Hi I’m Tricia an organic gardener. I grow
organically. For a healthy and safe food supply, for
a clean and sustainable environment, for an enjoyable and rewarding
experience. Did you know that pastures can be good
for the environment? Today we’re going to talk about a pasture management system called managed intensive rotational
grazing. This means you get more forage, you can
graze earlier in the spring and you can graze later in the fall. The
benefits of this system include: soil and plant health which equals lower
feed costs for your animals, better water retention, better water
filtration, CO2 sequestration and topsoil creation. Those are all your “ations”. The first step is to
walk your pasture and take note of its condition. Pay attention to what species of grass
and legumes like clover are populating your pasture.

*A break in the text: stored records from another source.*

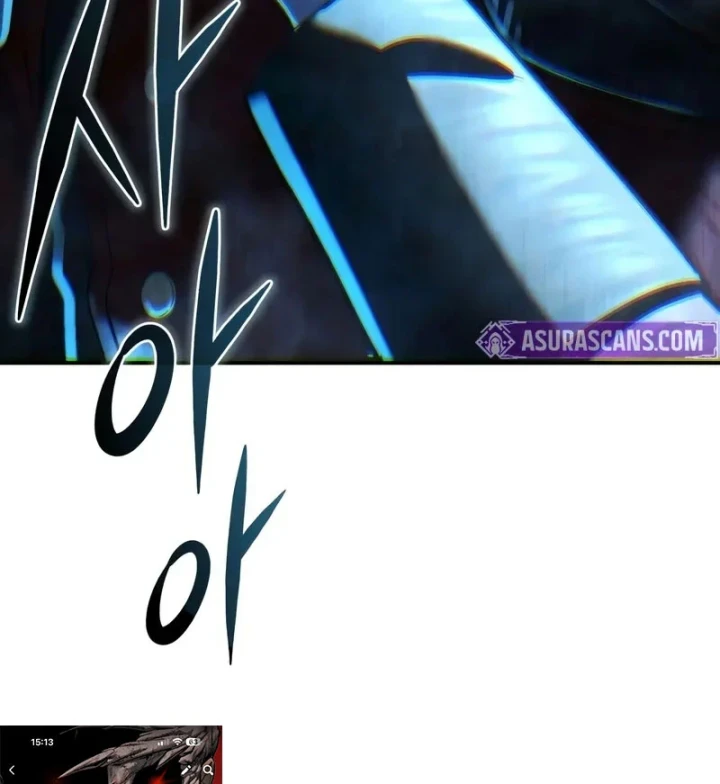 Tinh Tú Kiếm Sĩ Chapter 111 - 204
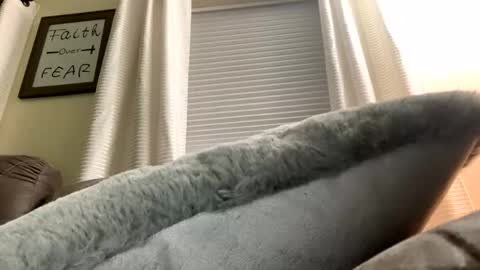 rs006 online show from 01/12/26, 02:17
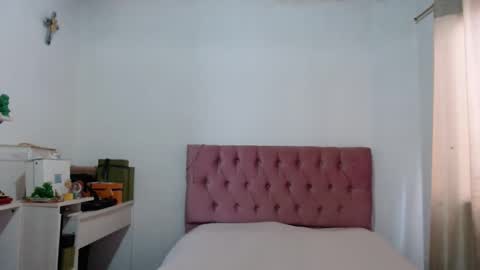 Snapshot of alia_lombardi chatting on October 27, 12:31 pm Alia Anjali online show from October 27, 12:31 pm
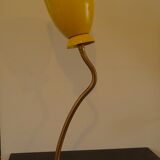 Lamp 1950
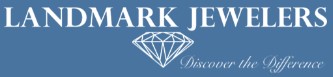 landmark jewelers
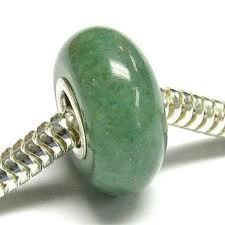 Jade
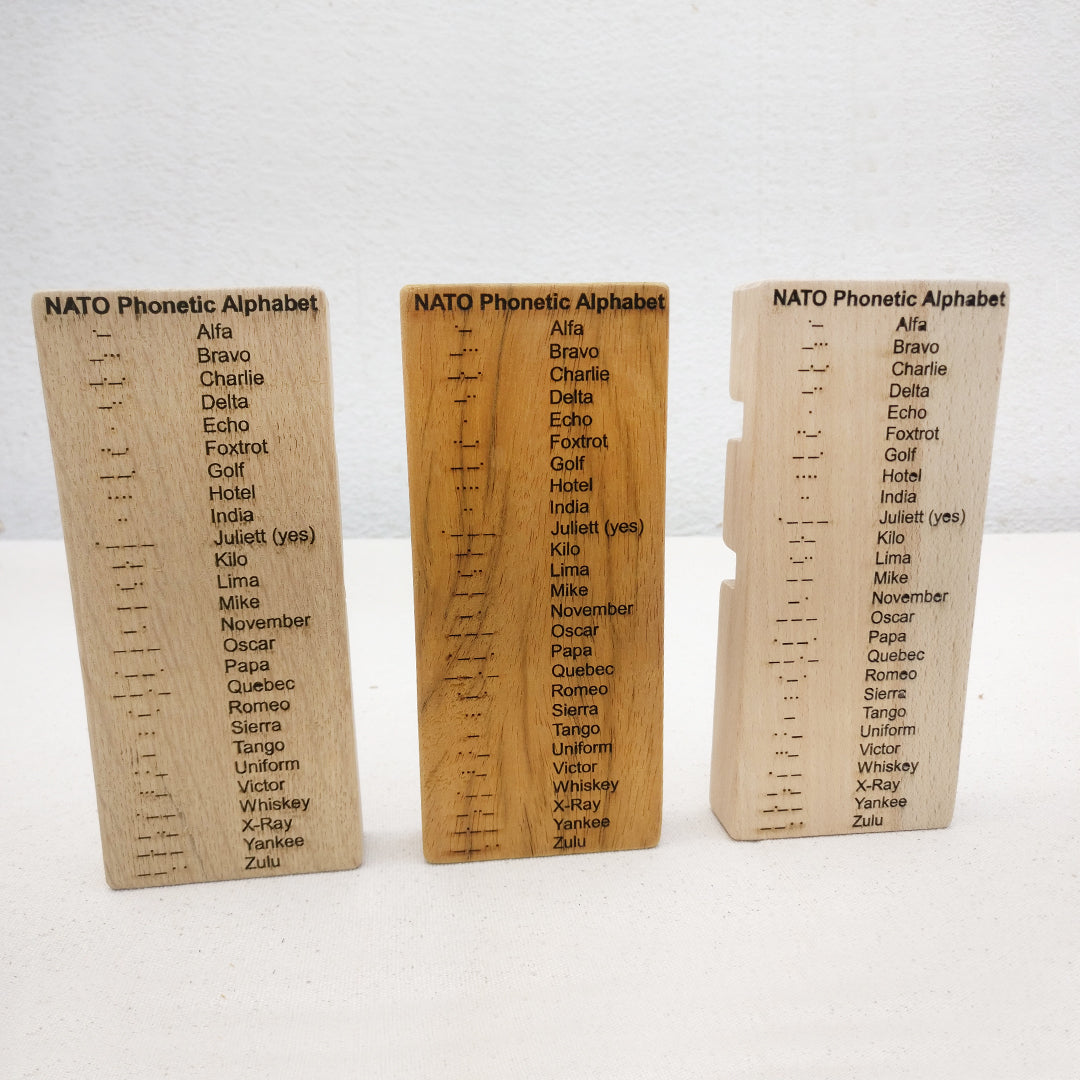 Morse Smartphone &amp; Tablet Stand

Do they show a balanced growth or is there one species outgrowing the rest. Pay attention to the
pastures location, drainage and soil type. Check out our
blog for a link to the USDA’s web soil survey, which provides
detailed soil information. Pay attention to how your animals are grazing
the pasture. Are they overgrazing one area and under
grazing another part? The key concept to managed intensive
rotational grazing is to divide the big pasture up into
smaller pastures, typically about eight or more. And this
allows the grasses to regrow at the optimal time. This pasture
management system allows you to mimic the natural behavior of herd animals. In the wild the herds stay
together, mow down the grass and then move on to
richer pasture. Your pastures can be divided with either permanent fencing or temporary fencing. Electric portable
fencing is a great low cost way to divide your pastors temporarily. Be
sure and set aside an area in your pasture that we call the sacrifice area. It’s an area that you’ll hold your
livestock when otherwise you’d let them out into
the pasture and they could damage the pastures, such as in wet weather. There are several
layouts that work well with this managed intensive rotational grazing. Some examples or layouts are a central
sacrifice area where there’s water and then gates out
to different segments. Another popular layout is a long
rectangle with a central lane and shared water troughs. The important
part is that each of the grazing areas have access to
water. When it comes to actually using your pasture it’s important to wait till the average
height of grass is six to eight inches before allowing the animals in. At six to
eight inches the grasses started storing carbohydrates and its slow down its growing. It’s young and
tender enough to be palatable and it has stored enough energy to
re-grow. Take measurements in several different areas within the
pasture and then average these measurements together and
don’t measure the grass by straightening it up make sure and
measure as it’s laying down. It can be beneficial if you have
multiple types of animals such as cattle horses and sheep, to
succession graze them. These animals eat different things and do not
suffer from the same types of parasites. Succession grazing can help you make
sure the pastures grazed evenly and help spread the manure of the other
species around to fertilize the pasture. Allow the animals to graze until the
grass gets grazed down to about three inches. This leaves
enough of the grass so it can easily photosynthesize and re-grow. It’s important to rotate the
animals based on the condition of the pasture and not by the calendar. After rotating your
animals out of a pasture notice whether they’ve grazed down evenly
or not. If not you may want to mow or weed eat to
about five inches. This encourages grass and legume growth
that’s more palatable and prevents the forage from spending its
energy on forming seed heads. Harrowing or dragging is a
routine task that should be done to help spread the
manure and this should be done in dry weather and it will help prevent the
spread of pests and disease. In dry weather any
parasite eggs in the manure are dried up and exposed to the sun. In wet weather
harrowing can spread diseases and parasites instead of controlling
them. Periodically you should do a soil test. It’s likely that if your manure is
being incorporated into the soil things are okay but you never know if
you might need a little bit extra help. If you have issues in your pasture such
as weeds check out our pasture trouble shooting
video. A well-managed pasture is an asset to the environment. So manage
your pasture and grow organic for life!